Lawyers for the five alleged Sept. 11 conspirators wrote Secretary of Defense Leon Panetta on Thursday, asking him to order the Pentagon to offer national TV broadcasts of their death-penalty tribunals at Guantánamo.
This is the most significant criminal trial in the history of our country, wrote nine military lawyers and four civilian defense lawyers.
The only way to dispel the pervasive distrust of these proceedings, and the substantial damage to our countrys reputation, is to allow the entire country, and world, to observe the proceedings for themselves.
The lawyers wrote the letter less than two weeks after they argued a motion before the 9/11 judge, Army Col. James L. Pohl, to authorize national broadcasts. Pohl has yet to rule, but he said he believed only Panetta has the authority to make that decision.
Currently, the public can watch pre-trial hearings in that case by getting to an auditorium at Fort Meade, an Army base in Maryland, or by applying to watch at Guantánamo as a journalist or legal observer.
Families of 9/11 victims get special segregated screening rooms in New York, New Jersey, Maryland and Massachusetts. A division of the war court prosecutors office also administers lotteries to choose about a dozen family members of Sept. 11 victims they fly to the remote base to watch the proceedings in a court gallery.
Defense lawyers argued that the video feed should be provided freely to television outlets to broadcast as much as they choose.
Prosecutors replied that the war court at Guantánamo is modeled after court martial and federal criminal trial practice, which forbid TV broadcasts.
Brig. Gen. Mark Martins, the chief prosecutor, suggested broadcasts would harm the dignity of the proceedings. This is a court of justice, Martins said.
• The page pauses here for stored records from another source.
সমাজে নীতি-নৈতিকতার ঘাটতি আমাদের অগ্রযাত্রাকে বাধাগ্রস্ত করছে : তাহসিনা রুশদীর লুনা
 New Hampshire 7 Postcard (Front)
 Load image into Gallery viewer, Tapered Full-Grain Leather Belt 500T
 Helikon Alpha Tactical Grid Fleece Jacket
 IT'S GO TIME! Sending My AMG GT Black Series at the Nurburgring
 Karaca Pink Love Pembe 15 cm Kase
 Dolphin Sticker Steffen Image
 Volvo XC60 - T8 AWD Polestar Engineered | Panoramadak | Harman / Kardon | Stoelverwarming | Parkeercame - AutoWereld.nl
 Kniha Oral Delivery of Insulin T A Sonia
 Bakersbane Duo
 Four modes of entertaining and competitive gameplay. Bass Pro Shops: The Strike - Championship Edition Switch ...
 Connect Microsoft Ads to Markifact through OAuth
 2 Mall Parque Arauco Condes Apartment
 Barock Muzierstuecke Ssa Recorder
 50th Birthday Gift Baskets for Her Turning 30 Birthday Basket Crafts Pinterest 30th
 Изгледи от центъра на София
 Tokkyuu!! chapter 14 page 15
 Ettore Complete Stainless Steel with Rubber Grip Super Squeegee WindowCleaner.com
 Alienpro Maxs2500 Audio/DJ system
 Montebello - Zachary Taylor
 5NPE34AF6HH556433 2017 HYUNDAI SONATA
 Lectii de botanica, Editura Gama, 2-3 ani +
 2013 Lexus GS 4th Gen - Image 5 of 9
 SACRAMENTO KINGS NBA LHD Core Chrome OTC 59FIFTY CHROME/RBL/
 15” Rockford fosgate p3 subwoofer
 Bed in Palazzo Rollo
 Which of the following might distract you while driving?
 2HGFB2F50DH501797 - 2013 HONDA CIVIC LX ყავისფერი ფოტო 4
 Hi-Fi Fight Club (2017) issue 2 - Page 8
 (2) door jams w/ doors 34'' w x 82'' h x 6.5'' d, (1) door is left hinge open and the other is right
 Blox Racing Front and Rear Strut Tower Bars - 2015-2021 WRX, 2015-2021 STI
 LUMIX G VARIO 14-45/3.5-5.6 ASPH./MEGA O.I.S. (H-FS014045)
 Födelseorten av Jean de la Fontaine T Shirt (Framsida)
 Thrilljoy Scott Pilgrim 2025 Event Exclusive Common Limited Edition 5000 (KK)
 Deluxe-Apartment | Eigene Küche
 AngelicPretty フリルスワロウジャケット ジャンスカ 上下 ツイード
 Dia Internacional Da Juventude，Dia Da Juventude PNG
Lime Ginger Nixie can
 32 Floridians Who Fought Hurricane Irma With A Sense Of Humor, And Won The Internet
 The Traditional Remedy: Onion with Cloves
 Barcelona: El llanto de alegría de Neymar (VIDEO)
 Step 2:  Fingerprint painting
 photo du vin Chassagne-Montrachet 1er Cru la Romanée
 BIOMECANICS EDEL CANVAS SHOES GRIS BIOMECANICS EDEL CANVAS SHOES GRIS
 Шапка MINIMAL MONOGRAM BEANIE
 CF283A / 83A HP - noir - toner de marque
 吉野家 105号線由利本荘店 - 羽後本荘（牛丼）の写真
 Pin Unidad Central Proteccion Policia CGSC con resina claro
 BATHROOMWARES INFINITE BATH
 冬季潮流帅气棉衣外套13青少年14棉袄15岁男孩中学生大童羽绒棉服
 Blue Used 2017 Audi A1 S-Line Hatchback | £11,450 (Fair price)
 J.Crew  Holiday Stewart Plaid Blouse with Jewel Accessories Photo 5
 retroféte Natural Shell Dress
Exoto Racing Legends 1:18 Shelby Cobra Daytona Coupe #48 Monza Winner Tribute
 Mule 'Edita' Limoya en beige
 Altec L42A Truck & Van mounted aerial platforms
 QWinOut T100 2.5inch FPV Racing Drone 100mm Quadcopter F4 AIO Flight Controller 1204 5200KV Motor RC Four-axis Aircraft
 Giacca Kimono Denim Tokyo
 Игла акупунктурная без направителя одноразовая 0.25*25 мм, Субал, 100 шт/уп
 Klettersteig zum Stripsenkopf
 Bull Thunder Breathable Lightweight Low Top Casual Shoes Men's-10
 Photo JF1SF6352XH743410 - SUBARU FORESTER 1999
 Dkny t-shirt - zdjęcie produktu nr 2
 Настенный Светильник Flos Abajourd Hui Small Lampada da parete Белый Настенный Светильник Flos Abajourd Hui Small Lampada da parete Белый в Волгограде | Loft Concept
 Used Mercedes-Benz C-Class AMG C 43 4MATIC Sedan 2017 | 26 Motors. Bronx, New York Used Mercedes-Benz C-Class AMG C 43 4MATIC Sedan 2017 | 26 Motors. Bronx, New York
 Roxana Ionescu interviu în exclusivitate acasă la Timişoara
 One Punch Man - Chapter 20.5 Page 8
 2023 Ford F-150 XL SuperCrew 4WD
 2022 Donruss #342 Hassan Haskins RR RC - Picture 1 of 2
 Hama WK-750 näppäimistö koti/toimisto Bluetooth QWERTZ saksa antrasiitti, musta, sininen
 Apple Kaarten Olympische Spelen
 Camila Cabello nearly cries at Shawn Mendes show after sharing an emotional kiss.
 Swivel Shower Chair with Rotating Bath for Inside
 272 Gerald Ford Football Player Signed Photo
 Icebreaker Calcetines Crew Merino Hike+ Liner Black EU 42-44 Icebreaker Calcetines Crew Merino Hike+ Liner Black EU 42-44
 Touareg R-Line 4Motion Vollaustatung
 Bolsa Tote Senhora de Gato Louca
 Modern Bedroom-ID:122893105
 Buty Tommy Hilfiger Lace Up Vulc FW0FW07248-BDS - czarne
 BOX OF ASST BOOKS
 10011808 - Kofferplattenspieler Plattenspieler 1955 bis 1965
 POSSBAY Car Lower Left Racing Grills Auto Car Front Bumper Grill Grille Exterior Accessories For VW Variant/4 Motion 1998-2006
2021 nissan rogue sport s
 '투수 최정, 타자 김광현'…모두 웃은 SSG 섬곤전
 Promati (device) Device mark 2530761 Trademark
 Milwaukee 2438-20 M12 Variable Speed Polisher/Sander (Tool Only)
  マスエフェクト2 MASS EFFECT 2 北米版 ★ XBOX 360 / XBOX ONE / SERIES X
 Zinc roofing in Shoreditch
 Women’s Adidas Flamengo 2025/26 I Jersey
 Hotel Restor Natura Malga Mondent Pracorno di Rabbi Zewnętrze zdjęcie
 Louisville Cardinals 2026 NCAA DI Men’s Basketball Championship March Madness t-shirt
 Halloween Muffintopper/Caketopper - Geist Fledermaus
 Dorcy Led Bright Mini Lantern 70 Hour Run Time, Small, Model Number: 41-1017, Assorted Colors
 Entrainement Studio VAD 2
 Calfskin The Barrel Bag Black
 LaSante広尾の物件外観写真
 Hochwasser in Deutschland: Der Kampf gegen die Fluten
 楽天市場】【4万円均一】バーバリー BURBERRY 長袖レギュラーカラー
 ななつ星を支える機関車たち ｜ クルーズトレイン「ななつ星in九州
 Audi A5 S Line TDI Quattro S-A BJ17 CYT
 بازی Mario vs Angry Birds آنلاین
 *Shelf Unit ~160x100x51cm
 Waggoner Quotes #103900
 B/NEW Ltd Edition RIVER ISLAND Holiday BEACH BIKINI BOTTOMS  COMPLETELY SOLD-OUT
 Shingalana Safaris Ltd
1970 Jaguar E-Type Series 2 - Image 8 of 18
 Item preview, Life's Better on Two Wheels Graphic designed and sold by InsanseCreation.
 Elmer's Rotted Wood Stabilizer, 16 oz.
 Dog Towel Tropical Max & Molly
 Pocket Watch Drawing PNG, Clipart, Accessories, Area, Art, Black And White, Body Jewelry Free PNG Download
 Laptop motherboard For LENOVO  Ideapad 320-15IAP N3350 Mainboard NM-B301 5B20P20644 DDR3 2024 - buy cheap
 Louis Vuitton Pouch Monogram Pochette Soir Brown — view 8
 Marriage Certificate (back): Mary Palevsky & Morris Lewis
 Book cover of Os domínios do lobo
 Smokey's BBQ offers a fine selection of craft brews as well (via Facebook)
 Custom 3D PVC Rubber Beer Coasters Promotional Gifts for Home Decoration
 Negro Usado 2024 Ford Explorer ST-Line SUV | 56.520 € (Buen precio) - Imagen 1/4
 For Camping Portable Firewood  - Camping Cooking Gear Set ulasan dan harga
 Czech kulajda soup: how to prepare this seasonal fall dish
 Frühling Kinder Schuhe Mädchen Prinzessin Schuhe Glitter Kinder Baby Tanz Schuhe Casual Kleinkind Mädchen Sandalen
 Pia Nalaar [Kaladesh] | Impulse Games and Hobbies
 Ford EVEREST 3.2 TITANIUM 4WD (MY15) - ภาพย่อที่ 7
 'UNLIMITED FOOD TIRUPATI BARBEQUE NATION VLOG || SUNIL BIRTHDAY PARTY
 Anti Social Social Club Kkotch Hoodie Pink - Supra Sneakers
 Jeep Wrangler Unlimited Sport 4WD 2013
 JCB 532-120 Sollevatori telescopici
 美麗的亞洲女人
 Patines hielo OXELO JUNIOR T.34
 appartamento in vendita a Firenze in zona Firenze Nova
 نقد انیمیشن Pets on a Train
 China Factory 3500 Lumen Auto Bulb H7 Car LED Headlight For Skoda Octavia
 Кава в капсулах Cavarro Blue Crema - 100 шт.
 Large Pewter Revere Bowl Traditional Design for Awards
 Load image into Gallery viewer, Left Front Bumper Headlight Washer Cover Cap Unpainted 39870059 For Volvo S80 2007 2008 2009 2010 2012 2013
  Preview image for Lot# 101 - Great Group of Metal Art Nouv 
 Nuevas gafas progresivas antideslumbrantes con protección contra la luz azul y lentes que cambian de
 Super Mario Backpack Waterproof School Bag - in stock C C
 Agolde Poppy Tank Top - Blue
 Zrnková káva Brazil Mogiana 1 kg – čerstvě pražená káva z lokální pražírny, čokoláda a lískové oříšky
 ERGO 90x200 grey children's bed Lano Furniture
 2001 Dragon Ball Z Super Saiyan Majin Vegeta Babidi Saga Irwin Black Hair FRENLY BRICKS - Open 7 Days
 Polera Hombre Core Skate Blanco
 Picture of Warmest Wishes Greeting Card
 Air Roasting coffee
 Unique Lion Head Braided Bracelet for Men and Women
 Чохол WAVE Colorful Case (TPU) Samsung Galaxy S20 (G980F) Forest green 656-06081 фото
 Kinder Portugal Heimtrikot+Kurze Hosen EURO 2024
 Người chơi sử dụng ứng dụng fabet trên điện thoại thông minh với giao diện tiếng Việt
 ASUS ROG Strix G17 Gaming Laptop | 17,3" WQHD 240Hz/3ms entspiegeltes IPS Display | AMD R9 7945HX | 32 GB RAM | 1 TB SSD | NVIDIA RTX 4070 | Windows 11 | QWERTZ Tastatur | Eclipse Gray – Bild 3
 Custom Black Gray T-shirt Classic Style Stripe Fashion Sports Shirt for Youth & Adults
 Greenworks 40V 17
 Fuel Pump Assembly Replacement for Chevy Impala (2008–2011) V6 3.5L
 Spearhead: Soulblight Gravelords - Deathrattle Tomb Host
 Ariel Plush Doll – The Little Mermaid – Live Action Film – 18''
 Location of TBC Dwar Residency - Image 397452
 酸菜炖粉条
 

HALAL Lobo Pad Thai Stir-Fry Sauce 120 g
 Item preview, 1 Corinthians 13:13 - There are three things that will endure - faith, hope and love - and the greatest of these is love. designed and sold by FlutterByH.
It is not reality TV.
The alleged mastermind, Khalid Sheik Mohammed, used his Oct. 17th war court appearance to deliver a stinging critique of U.S. policy Your blood is not made of gold and ours is made of water, he said in what the judge said was the last time Mohammed would speak in court through his attorney.
Defense lawyers have said that the public might be surprised to realize how much of the proceedings will be held in closed session. They also want wider scrutiny on the hybrid nature of the proceedings that borrow from both military and civilian justice. The eventual jury will be chosen from a pool of U.S. military officers chosen from bases around the world by a senior Pentagon official and sent to Guantánamo.
If these proceedings are fair, why is the government afraid to let the world watch? Marine Corps Maj. William Hennessey argued in court last month for alleged al Qaida deputy Walid bin Attash, 34.